Литмир - Электронная Библиотека
A
A

— Подсаживайтесь, располагайтесь, — Андрюс подталкивает всех к столу и разводит руками. — Чем богаты, тем и рады, если что не так, не обессудьте.

— Когда люди мучаются… может, без куска хлеба… когда кровь льется… — бормочет в кухне Юрконене, словно сова, глядя из темноты в освещенную комнату.

— А главное-то и запамятовал! — приседает Андрюс, поворачивается на одной ноге — и в дверь.

Визжит ключ в дверях амбара. Темно. Хоть бы спички взял. Но неужто он в чужом амбаре? Запускает руку в сусек с прошлогодним ячменем, и на самом дне нашаривает бутыль, потом другую. В дверях мелькает тень. Андрюс вздрагивает, бутыль выскальзывает из рук и стукается о пол.

— Тересе?

Он хватает бутыль, — вот везет, не разбил!

— Может, чего надо?

Тень не отвечает, только шлепает босыми ногами все ближе и ближе. Андрюс приваливается плечом к столбику сусека и чувствует, как тот подается.

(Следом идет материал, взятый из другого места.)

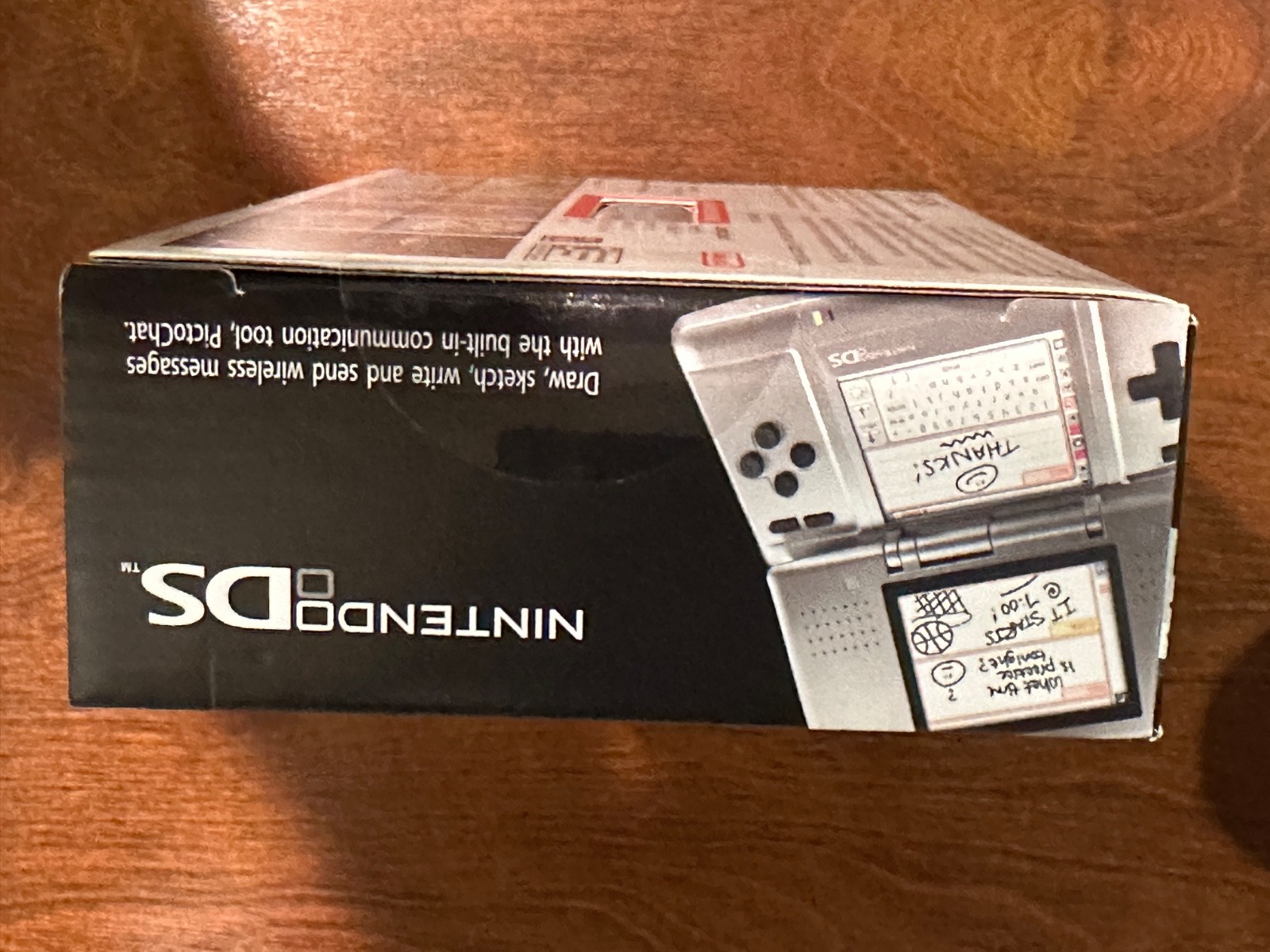 Nintendo DS Handheld Metroid Prime Hunter Edition – Brand New – Factory Sealed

— Андрюс… — жарко шепчет Анеле, и Андрюсу становится трудно дышать в нагретом за день амбаре.

— Ты… а я-то… думал… — Андрюс делает шаг к двери. Скрипят половицы.

— Андрюс… — Она обнимает его за плечи. — Почему ты бежишь от меня, Андрюс?

В обеих руках — по тяжелой литровой бутыли, он не знает, что с ними делать. Поводит плечами и ухмыляется в потемках.

— Вот еще… холера…

— Почему ни разу не пришел? Я жду… каждую ночь жду…

Словно огнем обожгло лицо. И руки у нее хваткие, не отпускают. Если б не бутылки…

— Не дури, Анеле. Пошли к столу.

— Ты мне ничего не скажешь?

— Отойди.

— Гонишь, да?

— Отойди, а?..

Анеле, задохнувшись, ловит ртом воздух, потом отскакивает назад, упирается обеими руками в косяки двери.

— Ах, вот оно как, Андрюс?! Я все ждала, верила. А ты к этой обезьяне присосался!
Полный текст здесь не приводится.